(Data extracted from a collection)

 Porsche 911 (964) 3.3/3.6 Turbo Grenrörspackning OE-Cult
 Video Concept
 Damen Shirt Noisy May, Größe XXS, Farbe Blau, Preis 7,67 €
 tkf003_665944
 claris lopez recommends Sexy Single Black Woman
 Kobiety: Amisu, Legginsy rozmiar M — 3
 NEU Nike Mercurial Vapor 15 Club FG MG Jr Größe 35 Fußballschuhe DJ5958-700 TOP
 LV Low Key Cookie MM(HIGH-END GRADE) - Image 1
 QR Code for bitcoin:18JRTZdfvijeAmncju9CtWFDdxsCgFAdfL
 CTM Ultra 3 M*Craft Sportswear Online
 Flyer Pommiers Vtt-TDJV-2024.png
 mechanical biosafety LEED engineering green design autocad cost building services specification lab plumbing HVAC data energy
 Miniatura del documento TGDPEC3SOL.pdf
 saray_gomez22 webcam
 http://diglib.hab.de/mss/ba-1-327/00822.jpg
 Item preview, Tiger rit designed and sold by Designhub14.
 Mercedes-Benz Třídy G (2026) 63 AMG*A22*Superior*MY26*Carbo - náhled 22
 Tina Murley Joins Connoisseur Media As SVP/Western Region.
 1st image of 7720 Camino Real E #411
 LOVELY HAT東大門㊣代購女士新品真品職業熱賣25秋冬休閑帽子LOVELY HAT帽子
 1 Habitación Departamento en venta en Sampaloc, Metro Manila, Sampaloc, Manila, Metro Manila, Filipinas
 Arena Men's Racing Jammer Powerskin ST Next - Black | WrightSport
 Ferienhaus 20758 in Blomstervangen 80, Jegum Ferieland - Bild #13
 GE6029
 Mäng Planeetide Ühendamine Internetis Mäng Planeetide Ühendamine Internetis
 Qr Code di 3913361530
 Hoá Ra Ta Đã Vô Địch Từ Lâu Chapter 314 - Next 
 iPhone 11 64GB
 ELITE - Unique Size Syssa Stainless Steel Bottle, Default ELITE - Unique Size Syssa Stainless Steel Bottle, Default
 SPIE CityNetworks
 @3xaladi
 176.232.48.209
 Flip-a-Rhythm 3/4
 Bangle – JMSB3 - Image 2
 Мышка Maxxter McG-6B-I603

EXERCISE DETAILS:
Where the line containing "Hoá Ra Ta Đã" appears in the records above, begin there and print every line through the last, exactly and with nothing else.

WRITTEN RESPONSE:
 Hoá Ra Ta Đã Vô Địch Từ Lâu Chapter 314 - Next 
 iPhone 11 64GB
 ELITE - Unique Size Syssa Stainless Steel Bottle, Default ELITE - Unique Size Syssa Stainless Steel Bottle, Default
 SPIE CityNetworks
 @3xaladi
 176.232.48.209
 Flip-a-Rhythm 3/4
 Bangle – JMSB3 - Image 2
 Мышка Maxxter McG-6B-I603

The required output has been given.